I am having  airtel 512 unlimited plan and i am getting double speed 1 mbps 
from yesterday night..?

i did not make any call nor any offers.. but sudden change..!!


have anyone experienced..?


----------



## Kalyan (May 12, 2010)

I think, competition has forced the providers with these plans. I was using Beam cable internet at Hyderabad. I was on 256 kbps UL earlier. it was changed to 768 kbps (thrice the speed) without extra charge. Now I have FUP of 30 GB on 768 Kbps. and the speed changes back to 256 kbps till end of the month. They have changed all the plans accordingly. 128 kbps to 256 kbps, 256 to 768, 512 to 1Mbps, 1Mbps to 4Mbps. I think even BSNL have upgraded the plans.


----------



## clmlbx (May 12, 2010)

AIRTEL will double speed for all ..but it was to be started  from june-july  month ..

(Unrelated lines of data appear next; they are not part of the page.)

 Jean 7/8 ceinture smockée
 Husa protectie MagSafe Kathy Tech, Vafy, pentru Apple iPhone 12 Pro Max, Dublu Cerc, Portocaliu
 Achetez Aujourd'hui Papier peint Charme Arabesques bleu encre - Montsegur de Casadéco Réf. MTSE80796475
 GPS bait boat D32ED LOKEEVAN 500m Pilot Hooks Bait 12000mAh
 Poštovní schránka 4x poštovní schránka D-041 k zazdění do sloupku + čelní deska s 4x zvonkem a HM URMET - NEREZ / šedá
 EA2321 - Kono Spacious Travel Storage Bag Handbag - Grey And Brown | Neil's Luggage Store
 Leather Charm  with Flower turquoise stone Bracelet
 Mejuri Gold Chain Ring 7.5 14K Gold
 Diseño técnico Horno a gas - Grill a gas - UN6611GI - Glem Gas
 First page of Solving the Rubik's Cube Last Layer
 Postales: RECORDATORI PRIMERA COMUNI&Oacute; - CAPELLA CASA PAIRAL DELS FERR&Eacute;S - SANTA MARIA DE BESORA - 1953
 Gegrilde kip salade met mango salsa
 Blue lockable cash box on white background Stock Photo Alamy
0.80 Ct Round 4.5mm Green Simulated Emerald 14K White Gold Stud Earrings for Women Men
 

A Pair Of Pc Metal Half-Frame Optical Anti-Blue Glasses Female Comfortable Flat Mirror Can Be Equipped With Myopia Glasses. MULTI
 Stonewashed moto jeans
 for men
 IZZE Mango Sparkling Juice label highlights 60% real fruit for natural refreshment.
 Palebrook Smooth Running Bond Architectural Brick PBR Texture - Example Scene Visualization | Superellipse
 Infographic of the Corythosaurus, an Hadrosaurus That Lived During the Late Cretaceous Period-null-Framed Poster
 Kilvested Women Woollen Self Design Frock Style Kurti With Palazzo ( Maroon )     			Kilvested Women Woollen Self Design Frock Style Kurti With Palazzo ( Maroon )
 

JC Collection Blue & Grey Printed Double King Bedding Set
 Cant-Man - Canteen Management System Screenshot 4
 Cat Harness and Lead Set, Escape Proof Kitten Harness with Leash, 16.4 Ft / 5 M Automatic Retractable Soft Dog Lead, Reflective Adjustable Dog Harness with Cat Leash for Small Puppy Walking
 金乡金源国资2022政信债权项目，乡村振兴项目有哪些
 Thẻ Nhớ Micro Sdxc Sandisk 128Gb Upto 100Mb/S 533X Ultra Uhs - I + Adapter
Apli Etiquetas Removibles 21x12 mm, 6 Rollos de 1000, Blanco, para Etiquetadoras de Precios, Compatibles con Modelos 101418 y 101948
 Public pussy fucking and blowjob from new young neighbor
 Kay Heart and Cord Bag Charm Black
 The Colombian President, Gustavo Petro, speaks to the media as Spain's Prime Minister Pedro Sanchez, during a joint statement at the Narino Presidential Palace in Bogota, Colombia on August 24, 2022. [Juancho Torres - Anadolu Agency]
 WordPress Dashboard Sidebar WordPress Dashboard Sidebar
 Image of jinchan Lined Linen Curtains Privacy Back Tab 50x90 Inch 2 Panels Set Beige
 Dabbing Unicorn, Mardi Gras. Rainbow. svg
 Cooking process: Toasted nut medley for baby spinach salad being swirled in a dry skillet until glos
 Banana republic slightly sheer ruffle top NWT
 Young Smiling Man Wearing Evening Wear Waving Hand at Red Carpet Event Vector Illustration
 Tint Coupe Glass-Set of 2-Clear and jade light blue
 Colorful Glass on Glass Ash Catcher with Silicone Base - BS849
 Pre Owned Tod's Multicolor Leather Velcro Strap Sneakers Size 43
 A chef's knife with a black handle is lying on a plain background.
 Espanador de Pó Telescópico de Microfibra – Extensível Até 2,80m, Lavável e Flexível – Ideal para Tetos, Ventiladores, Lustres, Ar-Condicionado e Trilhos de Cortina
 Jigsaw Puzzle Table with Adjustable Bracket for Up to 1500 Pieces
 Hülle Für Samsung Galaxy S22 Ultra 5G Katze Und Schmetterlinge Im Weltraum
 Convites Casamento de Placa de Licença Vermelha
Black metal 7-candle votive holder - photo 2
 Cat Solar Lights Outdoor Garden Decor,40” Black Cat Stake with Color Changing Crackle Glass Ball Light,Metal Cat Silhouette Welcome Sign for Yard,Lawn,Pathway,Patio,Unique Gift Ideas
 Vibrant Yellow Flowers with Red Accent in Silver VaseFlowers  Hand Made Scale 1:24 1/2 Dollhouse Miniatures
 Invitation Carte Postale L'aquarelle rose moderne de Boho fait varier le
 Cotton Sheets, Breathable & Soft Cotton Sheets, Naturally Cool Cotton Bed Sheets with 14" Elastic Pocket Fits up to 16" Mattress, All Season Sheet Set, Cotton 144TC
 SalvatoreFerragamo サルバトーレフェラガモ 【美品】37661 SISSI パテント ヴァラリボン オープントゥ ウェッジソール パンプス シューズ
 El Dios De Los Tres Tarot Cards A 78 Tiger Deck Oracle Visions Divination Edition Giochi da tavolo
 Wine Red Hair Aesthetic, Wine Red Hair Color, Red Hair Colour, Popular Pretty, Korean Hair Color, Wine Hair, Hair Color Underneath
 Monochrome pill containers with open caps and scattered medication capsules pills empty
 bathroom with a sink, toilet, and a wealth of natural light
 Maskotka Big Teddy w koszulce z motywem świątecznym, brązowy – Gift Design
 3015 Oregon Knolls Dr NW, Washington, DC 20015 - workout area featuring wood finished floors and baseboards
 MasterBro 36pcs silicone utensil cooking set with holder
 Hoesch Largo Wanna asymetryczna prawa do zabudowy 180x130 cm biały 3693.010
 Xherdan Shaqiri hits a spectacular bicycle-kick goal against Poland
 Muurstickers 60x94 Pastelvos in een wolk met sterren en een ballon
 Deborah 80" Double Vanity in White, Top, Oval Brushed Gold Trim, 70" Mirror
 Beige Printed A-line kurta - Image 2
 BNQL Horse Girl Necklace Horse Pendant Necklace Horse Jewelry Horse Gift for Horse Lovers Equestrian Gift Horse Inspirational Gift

My bad-luck me not experiencing anything


----------



## Aerohawk (May 13, 2010)

No such luck for BSNL users. D:


----------



## rajan1311 (May 18, 2010)

i also have got double speed for almost 1.5 months now


----------



## Rockstar11 (May 19, 2010)

Aerohawk12 said:


> No such luck for BSNL users. D:


----------



## MetalheadGautham (May 23, 2010)

Damn... us bsnl users still get same old speed.... wish they make H500 family of plans from 2mbps to 4mbps


----------



## sysfilez (May 28, 2010)

me too experiencing high speeds with airtel for almost 2months, I use unlimited 256kbps plan


----------